We picture the sailor's life in terms of adventure and romance. We think of the sailor as someone who has seen life widely; but in point of fact there is no class of person who is less familiar with what is held ordinarily to constitute life. In consequence, he retains that freshness, almost amounting to an innocence of outlook, that is his particular and peculiar charm.

§

And it is for this reason, I believe—namely, that the reward of travel is not the seeing of certain accepted beauties but the discovery of a series of special and particular sensations—that so many travellers will tell you that the biggest emotion that they have ever had is the crossing of the Panama Canal. The
passing of those locks, that stepping in a few hours from one ocean to another, which is the stepping from a known into an unknown world, symbolises the whole spirit of adventure that lures men to travel. And here, too, there is the drama of the undramatic. There is no fuss. It is very quiet and orderly and efficient. There is no shouting, no display. The great gates close behind you; noiselessly the water fills the lock. Inch by inch you rise till the figures that were on a level with the deck are feet below it; till another gate swings open and the traction engines begin to climb; and once again there is the noiseless flow of water; and once again the figures on the side that were above you are at your level and then are passed. It is so quiet that you scarcely realise the immensity of the adventure; not even when you are in the Gatun Lake and see to right and left of you the stumps of the flooded forests; not even when you drift slowly past Mira-flores towards San Miguel, towards Balboa and beyond Balboa, to the slow waters of the Pacific.

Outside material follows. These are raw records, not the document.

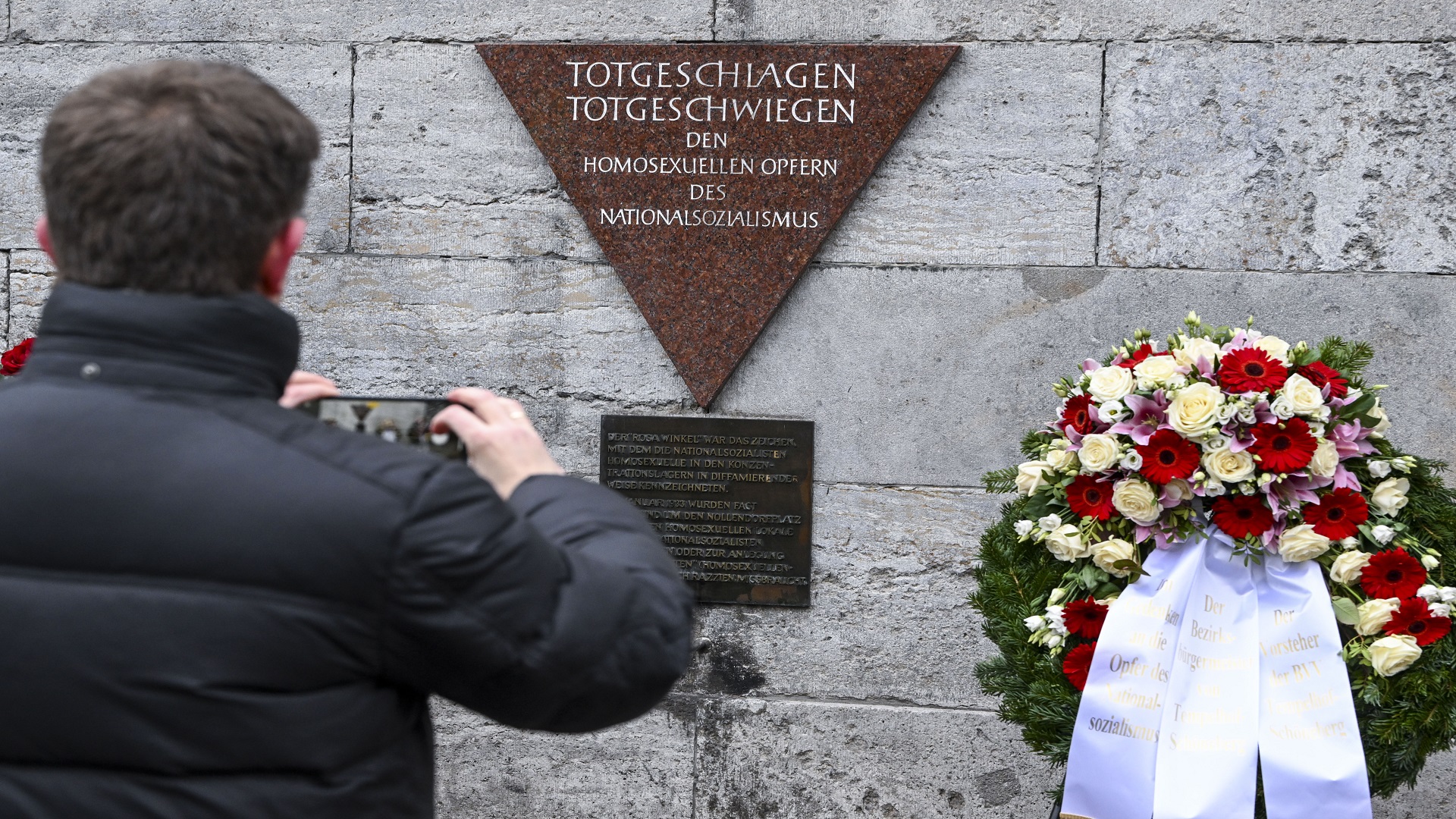 Gedenktafel am Nollendorfplatz für die im Nationalsozialismus verfolgten Homosexuellen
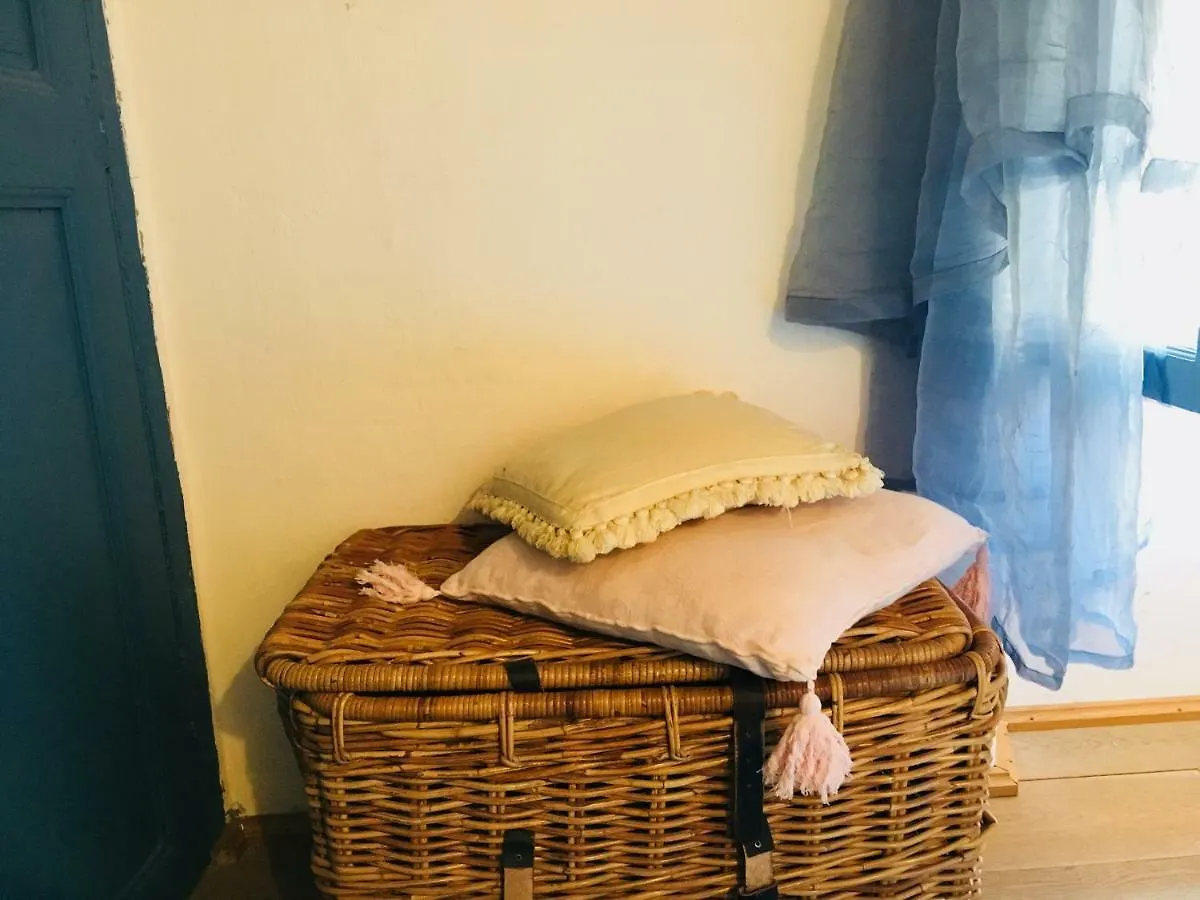 Appart Suquet Avec Terasse Vue Mer Cannes Apartman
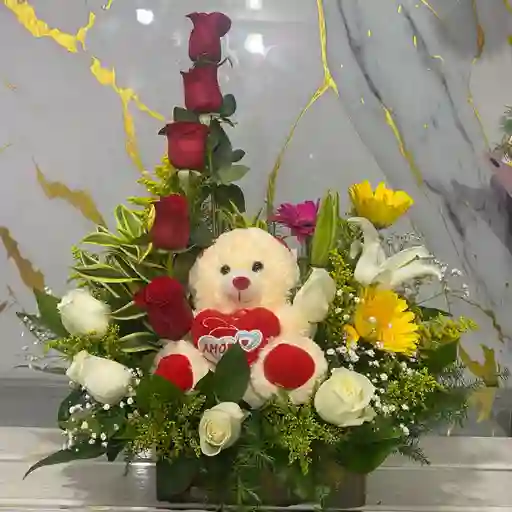 Un Arreglo Con Oso Peluche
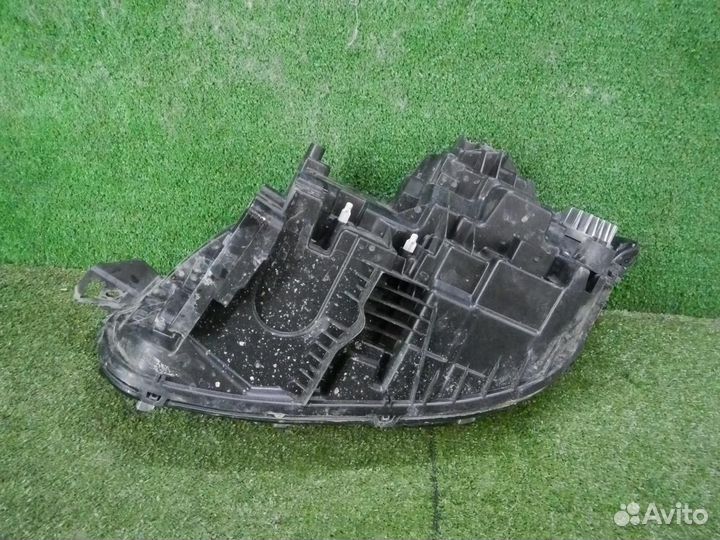 Фара правая Volvo XC90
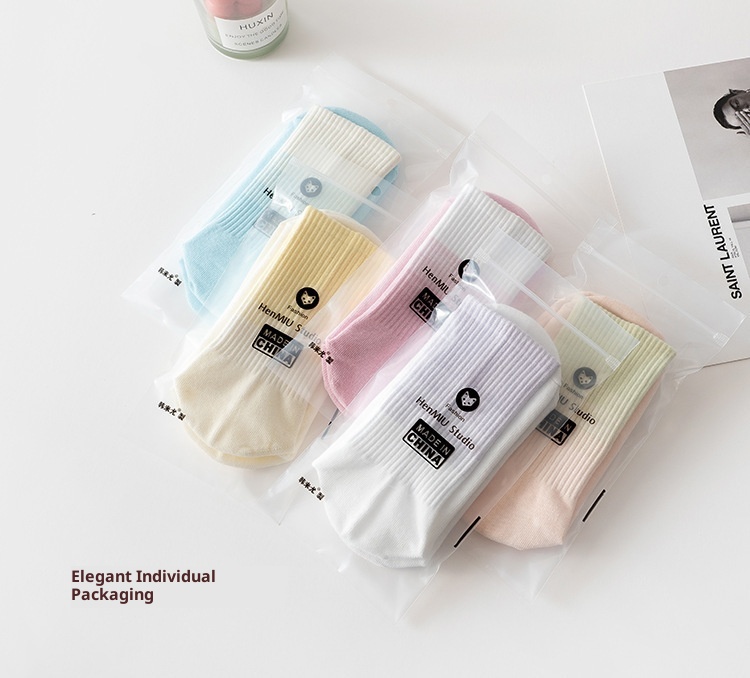 Chaussettes de yoga mi-mollet antidérapantes en silicone, couleur dégradée, pour femmes, idéales pour le fitness, le Pilates et la danse (vente en gros)._voghion.com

If ever I write a travel-story it shall begin in Panama, with the first sighting after three weeks of the Atlantic of the breakwater of Colon. And as the boat rises slowly the hero will feel that he is being lifted out of the world of commonplace experience into the rarefied atmosphere of romance. To a love-story, the return by the Canal would give the perfect curtain. As in the first chapter the approach to Colon had symbolised the spirit of romance, so now would the return through Panama symbolise its death. As the hero looks behind him at those closing gates and upwards to the heightening shore and before him to the low Atlantic, he realises in one spasm of revelation all that he is saying good-bye to. He is descending from the heights of poetic living to the prosaic level of mere livelihood.

XI
London

It is at Plymouth that the traveller should land. The cool green of its hills will mean England to him after the gaudy tropics. And it is through landscape that contains the heart of England that the train will hurry him to London. You have not the same feeling of home-coming at Southampton. Certainly you have not if you arrive there in the early morning by the night boat from Havre.

The
Pellerin
had docked early in the afternoon. Eldred had caught the special train to Paris, and as I wandered round the streets, or sat in a café reading the
Continental Daily Mail,
I had the feeling of being back and yet not back. It was an impression that persisted. On the small Channel boat there was the restlessness of interrupted travel. There was shouting and a clattering of trunks. The cabins were small—the kind of cabin that is meant to be slept no more than a night in. It was by European labels that the suit-cases of the man who slept in the next bunk were covered. Next morning the familiar platform was busy with the familiar bustle: with the familiar faces draggled after a restless night and a hurried dressing. I could not believe that it was from the tropics and a six months' absence that I was returning. I felt that, like all these other, I was coming back from a week-end in Paris.